Tyler almost laughed, he was so surprised. And gratified, and inexplicably moved. “If I didn’t know better,” he said gruffly, “I’d say you just gave me a compliment.”
“You must be hearing things.”
They smiled at each other.
Stoneman pushed his chair back abruptly and got to his feet. “You look tired, Doctor,” he observed almost gently. “You ought to get more rest.”
“Look who’s talking.” He stopped himself from reaching out for the old man’s arm and helping him up. “When do you leave for Harrisburg?”
“Monday, ten o’clock train.” He slanted him a sardonic look. “Think you’ll still be here when I get back?”
“Of course I will.”
“Maybe not. I might be up in that hawker’s prison for months and months, and when I get back you could be long gone.”
“Oh, I doubt—”
“Then again, they might ship me home in a pine box in a week or two.”
“That’s true. Or an urn. An urn wouldn’t take up as much room in the boneyard.”

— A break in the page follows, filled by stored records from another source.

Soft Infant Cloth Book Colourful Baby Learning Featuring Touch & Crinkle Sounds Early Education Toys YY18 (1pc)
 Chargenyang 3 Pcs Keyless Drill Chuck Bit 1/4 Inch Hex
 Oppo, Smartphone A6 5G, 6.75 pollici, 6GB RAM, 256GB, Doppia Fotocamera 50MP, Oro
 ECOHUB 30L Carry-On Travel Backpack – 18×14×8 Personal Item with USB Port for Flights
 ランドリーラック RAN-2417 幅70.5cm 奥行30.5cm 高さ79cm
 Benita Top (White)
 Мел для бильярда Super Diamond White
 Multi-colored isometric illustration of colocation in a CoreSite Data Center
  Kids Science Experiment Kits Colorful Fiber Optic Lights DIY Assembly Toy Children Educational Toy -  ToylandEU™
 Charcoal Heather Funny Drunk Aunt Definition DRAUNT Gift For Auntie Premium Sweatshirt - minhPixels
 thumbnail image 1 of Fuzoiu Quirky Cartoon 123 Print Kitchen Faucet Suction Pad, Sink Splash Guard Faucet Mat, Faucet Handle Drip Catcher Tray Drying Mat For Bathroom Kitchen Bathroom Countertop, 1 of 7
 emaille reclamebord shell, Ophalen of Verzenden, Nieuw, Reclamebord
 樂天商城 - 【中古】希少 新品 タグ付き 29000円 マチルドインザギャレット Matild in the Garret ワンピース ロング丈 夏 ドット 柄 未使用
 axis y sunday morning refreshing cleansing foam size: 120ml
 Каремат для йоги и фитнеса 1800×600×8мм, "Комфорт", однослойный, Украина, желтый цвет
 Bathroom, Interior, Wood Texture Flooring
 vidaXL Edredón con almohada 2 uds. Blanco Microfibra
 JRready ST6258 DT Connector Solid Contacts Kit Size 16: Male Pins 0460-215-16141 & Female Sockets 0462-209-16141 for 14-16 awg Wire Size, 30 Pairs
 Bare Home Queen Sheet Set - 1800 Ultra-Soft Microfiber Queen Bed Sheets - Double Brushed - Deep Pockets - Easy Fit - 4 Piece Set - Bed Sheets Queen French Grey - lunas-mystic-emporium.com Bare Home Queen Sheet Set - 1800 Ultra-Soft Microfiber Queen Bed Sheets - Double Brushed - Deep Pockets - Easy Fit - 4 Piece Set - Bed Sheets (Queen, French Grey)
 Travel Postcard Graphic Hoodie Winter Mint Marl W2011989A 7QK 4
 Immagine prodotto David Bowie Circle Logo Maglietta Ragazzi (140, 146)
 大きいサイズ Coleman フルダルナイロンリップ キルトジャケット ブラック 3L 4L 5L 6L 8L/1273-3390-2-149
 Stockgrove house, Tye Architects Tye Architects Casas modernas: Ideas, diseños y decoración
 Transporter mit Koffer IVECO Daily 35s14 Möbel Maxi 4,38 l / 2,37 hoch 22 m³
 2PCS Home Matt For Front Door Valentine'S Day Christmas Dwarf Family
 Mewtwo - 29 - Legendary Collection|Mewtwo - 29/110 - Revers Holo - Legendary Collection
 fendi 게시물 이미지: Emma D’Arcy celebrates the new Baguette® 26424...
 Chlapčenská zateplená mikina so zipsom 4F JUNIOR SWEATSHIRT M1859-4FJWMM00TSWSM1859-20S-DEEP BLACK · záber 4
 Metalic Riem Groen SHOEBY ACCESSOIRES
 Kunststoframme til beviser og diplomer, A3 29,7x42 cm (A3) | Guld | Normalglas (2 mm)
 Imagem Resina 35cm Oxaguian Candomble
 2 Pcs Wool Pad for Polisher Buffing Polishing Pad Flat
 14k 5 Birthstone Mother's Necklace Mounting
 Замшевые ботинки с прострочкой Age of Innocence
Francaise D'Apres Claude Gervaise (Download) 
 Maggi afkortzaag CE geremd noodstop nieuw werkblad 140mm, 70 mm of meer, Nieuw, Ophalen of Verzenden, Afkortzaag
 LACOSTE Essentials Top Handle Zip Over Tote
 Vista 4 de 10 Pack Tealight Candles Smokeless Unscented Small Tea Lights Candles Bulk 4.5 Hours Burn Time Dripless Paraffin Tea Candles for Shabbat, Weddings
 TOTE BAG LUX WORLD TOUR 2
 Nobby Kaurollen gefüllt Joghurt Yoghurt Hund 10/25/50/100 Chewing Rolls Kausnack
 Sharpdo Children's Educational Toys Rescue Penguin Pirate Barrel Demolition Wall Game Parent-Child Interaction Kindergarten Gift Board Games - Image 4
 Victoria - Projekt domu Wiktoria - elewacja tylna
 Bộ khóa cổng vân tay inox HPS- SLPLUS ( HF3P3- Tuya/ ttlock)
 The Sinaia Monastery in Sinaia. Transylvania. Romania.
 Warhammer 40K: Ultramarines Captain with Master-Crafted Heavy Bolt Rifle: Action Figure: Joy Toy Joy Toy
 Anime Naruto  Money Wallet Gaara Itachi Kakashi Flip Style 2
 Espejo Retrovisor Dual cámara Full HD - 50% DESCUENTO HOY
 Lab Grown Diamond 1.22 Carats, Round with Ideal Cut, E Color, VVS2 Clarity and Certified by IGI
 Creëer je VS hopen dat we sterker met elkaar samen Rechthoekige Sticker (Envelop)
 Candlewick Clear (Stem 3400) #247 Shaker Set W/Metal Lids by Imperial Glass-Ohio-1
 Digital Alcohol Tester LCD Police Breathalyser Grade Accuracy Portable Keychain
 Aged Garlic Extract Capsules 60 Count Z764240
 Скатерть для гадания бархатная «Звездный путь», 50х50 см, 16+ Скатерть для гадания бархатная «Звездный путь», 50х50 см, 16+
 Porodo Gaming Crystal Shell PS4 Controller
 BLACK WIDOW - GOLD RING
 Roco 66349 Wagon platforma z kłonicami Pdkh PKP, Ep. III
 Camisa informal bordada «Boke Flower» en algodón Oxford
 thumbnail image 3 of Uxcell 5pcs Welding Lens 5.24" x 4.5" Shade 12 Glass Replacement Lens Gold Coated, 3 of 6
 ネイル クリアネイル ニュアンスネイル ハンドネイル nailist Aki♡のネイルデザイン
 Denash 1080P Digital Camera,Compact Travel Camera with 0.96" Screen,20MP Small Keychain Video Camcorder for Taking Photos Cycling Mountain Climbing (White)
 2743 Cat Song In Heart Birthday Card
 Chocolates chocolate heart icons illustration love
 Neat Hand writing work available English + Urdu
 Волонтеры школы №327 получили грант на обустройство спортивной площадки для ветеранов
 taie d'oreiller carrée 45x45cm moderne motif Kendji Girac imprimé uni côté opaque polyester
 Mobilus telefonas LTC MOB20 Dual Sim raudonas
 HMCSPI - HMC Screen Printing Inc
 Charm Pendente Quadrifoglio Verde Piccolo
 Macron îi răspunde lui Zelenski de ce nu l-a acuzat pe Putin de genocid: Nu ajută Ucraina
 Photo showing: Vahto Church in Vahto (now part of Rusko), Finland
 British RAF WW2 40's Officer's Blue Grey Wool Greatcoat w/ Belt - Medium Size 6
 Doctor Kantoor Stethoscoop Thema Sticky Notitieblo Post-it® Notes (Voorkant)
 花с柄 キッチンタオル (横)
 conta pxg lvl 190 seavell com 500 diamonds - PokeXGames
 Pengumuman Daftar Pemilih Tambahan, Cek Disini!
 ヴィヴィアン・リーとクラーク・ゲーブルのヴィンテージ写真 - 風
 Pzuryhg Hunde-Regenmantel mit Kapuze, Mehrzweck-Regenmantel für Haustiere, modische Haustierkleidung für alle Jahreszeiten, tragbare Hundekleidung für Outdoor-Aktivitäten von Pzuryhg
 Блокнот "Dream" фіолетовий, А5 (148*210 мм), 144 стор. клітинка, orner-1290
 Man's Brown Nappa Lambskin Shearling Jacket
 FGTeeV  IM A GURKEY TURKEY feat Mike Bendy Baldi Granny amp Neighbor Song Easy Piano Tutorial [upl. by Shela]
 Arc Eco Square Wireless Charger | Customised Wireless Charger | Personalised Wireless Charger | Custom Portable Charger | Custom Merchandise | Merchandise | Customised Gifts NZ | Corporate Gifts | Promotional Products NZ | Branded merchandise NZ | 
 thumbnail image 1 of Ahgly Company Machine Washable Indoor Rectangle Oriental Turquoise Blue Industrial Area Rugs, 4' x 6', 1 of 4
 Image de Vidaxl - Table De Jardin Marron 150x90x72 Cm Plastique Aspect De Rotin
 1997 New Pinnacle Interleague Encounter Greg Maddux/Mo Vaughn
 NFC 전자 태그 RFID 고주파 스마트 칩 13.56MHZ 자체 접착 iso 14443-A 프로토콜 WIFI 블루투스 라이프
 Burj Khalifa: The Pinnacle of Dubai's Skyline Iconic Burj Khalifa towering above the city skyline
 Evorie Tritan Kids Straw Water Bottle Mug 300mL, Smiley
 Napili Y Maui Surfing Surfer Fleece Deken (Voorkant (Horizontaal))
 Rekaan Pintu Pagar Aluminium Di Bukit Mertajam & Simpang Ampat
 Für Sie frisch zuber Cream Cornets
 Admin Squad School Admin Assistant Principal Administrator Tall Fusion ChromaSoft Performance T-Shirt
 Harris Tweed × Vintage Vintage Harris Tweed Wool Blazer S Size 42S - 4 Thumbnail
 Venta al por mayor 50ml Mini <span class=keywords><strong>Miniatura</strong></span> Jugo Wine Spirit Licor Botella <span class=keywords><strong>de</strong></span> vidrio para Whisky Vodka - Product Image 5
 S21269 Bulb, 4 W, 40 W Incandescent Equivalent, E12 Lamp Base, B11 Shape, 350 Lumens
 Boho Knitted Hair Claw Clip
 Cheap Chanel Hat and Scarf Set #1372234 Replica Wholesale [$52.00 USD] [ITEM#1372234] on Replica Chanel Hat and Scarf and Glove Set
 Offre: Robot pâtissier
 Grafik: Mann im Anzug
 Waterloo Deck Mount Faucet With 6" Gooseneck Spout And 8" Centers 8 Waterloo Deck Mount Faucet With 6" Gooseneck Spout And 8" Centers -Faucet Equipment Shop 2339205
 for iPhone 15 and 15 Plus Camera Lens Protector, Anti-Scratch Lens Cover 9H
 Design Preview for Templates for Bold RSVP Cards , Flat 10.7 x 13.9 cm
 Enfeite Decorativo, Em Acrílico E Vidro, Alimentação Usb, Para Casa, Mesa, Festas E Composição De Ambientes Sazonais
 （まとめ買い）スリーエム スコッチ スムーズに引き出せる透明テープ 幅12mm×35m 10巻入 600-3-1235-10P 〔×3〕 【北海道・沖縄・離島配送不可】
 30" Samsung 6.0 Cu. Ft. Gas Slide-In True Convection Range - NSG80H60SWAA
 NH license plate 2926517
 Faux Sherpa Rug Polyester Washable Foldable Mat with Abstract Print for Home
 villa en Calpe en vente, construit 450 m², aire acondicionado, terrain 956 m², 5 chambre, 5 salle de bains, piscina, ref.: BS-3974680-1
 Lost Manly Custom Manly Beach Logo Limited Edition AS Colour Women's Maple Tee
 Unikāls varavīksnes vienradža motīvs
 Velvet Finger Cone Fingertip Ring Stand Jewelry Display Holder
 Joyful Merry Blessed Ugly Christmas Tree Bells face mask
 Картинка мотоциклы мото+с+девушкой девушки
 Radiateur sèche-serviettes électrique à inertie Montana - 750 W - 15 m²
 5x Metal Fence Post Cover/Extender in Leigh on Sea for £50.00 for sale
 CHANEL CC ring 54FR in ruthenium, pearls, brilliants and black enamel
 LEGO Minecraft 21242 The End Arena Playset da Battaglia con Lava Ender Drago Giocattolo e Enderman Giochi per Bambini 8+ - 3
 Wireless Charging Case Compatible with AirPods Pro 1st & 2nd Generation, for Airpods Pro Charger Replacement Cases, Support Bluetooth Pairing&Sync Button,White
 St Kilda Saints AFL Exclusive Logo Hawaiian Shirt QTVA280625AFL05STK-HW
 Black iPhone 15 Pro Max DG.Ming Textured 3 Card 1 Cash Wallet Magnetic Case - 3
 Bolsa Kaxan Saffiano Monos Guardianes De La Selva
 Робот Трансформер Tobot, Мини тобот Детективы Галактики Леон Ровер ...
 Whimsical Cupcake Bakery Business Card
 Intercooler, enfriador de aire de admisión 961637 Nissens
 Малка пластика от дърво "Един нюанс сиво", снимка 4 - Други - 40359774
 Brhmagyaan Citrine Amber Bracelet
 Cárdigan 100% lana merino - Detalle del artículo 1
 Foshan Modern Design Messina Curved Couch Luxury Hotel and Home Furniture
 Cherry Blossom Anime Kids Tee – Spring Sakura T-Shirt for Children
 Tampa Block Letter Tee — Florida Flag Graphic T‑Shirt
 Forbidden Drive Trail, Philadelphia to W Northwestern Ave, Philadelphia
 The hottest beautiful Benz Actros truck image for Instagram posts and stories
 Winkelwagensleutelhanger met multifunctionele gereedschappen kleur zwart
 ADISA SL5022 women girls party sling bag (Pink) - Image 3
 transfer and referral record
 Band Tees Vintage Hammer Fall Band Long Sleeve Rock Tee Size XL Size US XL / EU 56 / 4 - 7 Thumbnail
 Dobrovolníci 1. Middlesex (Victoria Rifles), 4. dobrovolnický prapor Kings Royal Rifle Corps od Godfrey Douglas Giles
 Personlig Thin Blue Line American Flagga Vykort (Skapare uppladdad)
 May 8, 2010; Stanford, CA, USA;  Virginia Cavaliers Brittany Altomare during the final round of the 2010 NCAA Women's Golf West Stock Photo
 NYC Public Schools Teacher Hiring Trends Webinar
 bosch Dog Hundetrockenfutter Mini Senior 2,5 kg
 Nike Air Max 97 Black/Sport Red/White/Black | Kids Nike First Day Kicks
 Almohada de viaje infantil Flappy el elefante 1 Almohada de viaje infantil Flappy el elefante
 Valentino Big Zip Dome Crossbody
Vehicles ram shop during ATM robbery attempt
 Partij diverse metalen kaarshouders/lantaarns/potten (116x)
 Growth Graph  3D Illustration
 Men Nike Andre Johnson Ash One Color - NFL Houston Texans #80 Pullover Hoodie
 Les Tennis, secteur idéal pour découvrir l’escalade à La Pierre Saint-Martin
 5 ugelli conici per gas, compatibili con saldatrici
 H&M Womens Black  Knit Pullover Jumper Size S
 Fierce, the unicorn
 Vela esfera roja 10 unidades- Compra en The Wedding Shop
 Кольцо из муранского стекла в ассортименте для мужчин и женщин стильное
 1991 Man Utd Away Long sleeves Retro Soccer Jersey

Stoneman made a sour face. He hated it when Tyler undercut his morbidity by parodying it.
But Ty didn’t miss the faint gleam of optimism in his emaciated countenance, hard as he tried to hide it. It had been like pulling teeth to convince him the Winslow Sanatorium had something to offer, not only because Stoneman’s nature was deeply cynical but also because, as a physician, he’d arrived at the impartial conclusion that his time was up. He’d all but reconciled himself to dying, and resurrecting hope at this late hour was a responsibility Tyler didn’t take lightly. All he could do was trust that Dr. Winslow knew what he was doing, and pray that he himself hadn’t set his friend up for a tragic disappointment.